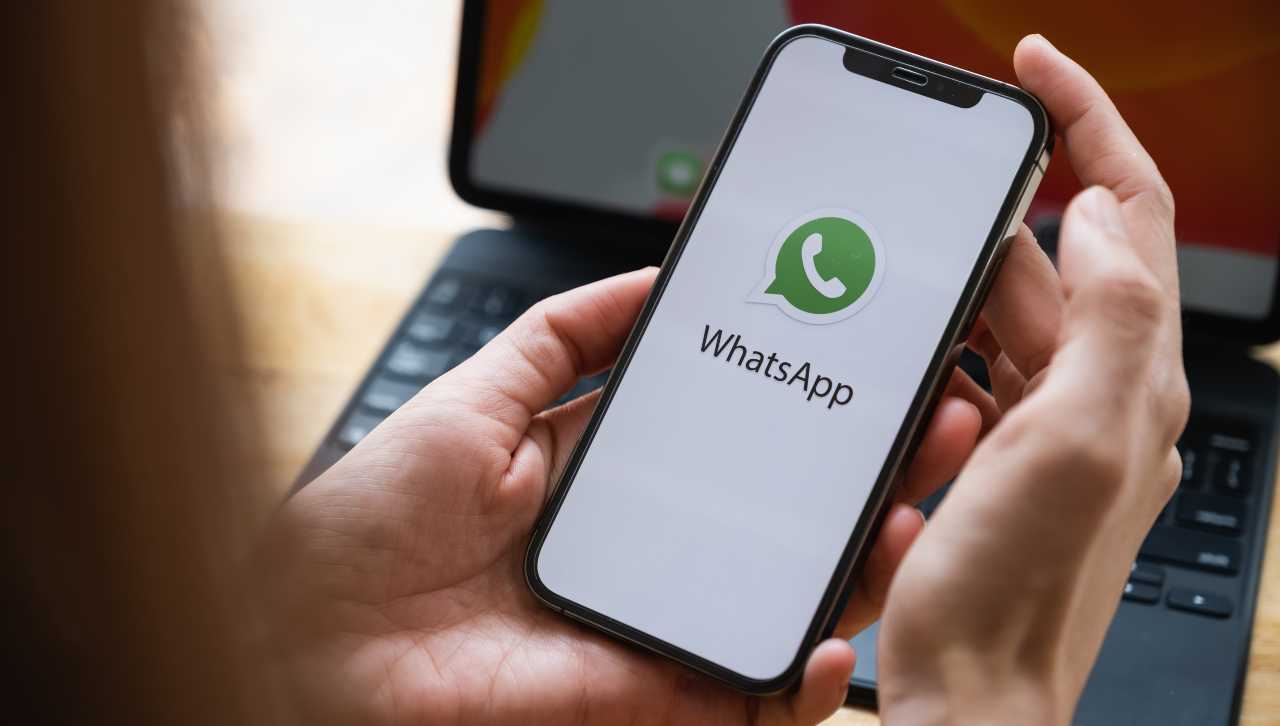 WhatsApp ora ti permetterà le correzioni ai messaggi già inviati: ecco come funziona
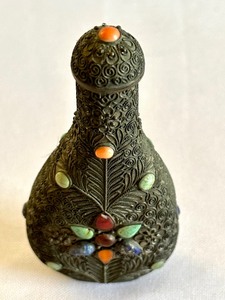 lot 36 image: Vintage Chinese Filigree Snuff Bottle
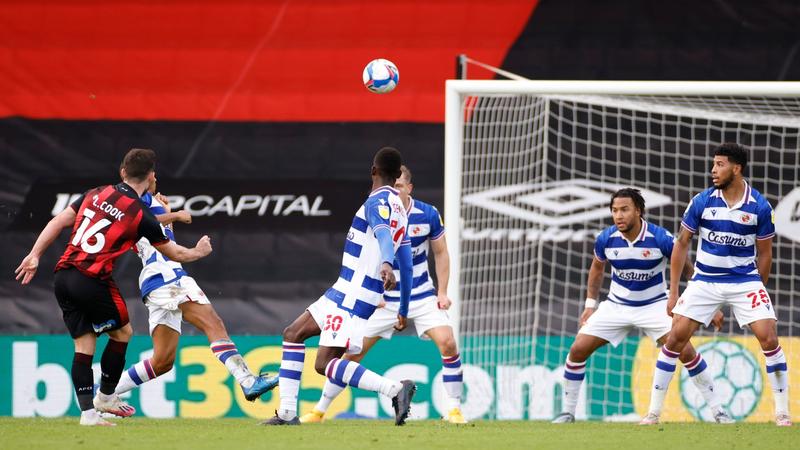 Championship - Bournemouth : La frappe pure et splendide de Lewis Cook !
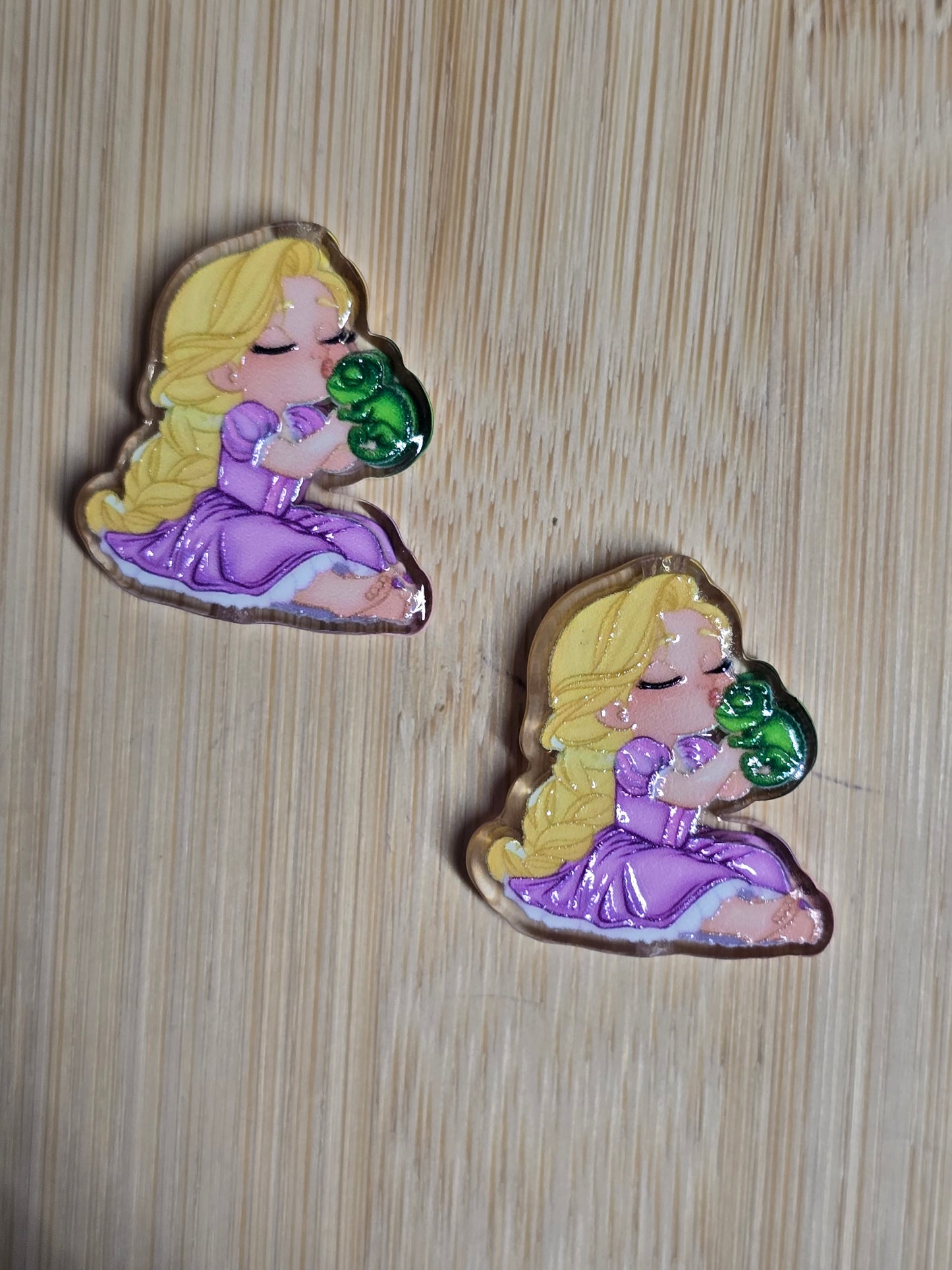 Focal- acrylic focal beads princess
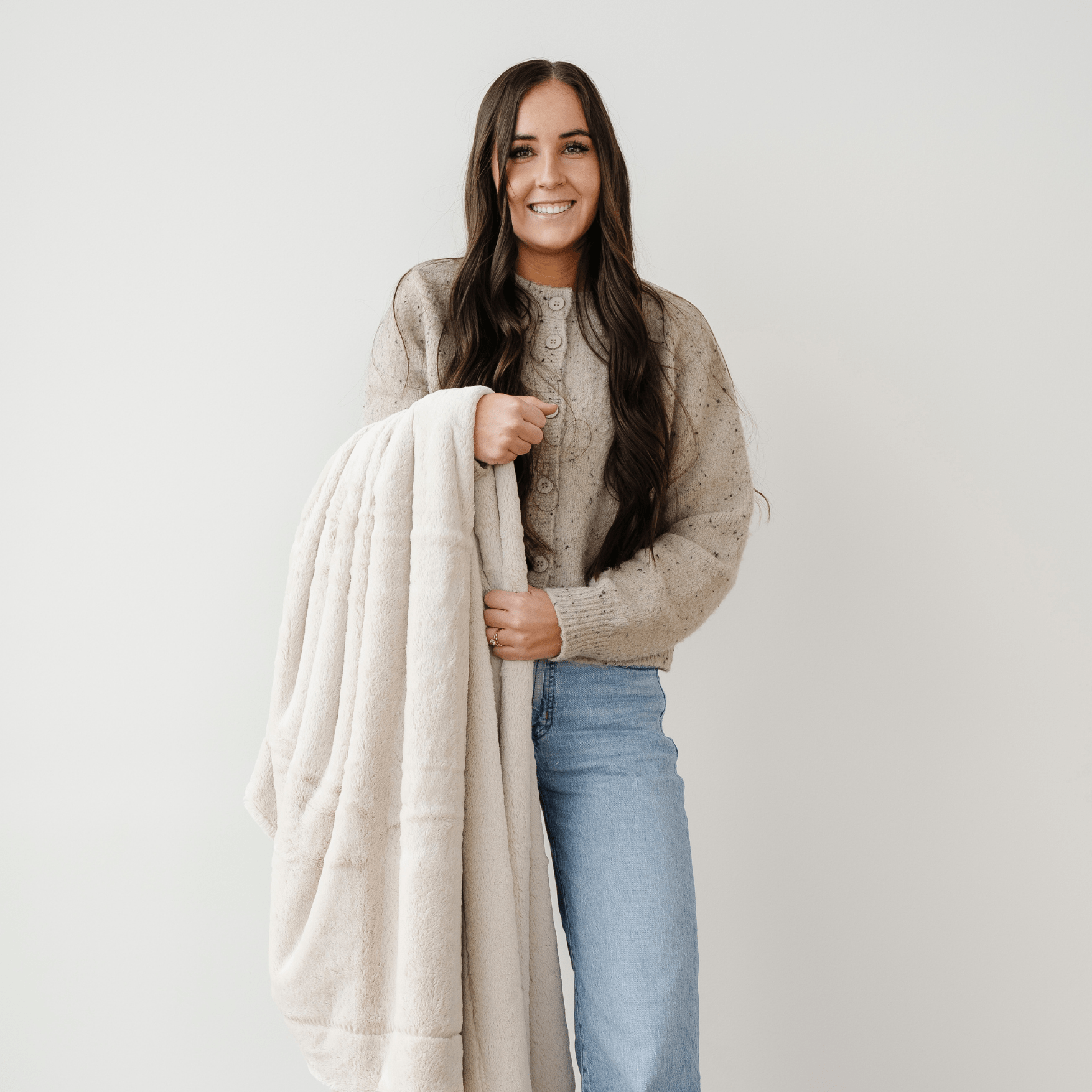 Lush Throw Blanket - Blissfully Lavender BoutiqueSaranoni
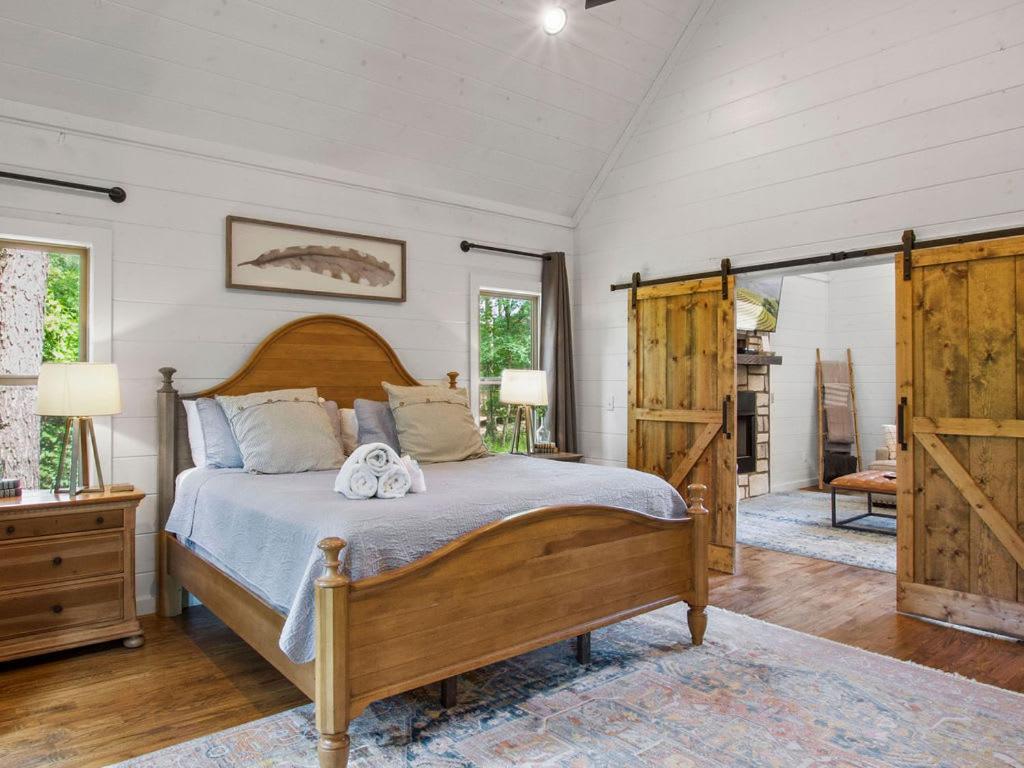 Stunning Luxury Cabin W Hot Tub And Fire Pit Holy Shiplap Is Perfect Romantic Couples Getaway Broken Bow Exterior photo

Description of the task. No pictures go in the copy. Set down all the data exactly.

Written solution.
 WhatsApp ora ti permetterà le correzioni ai messaggi già inviati: ecco come funziona
 lot 36 image: Vintage Chinese Filigree Snuff Bottle
 Championship - Bournemouth : La frappe pure et splendide de Lewis Cook !
 Focal- acrylic focal beads princess
 Lush Throw Blanket - Blissfully Lavender BoutiqueSaranoni
 Stunning Luxury Cabin W Hot Tub And Fire Pit Holy Shiplap Is Perfect Romantic Couples Getaway Broken Bow Exterior photo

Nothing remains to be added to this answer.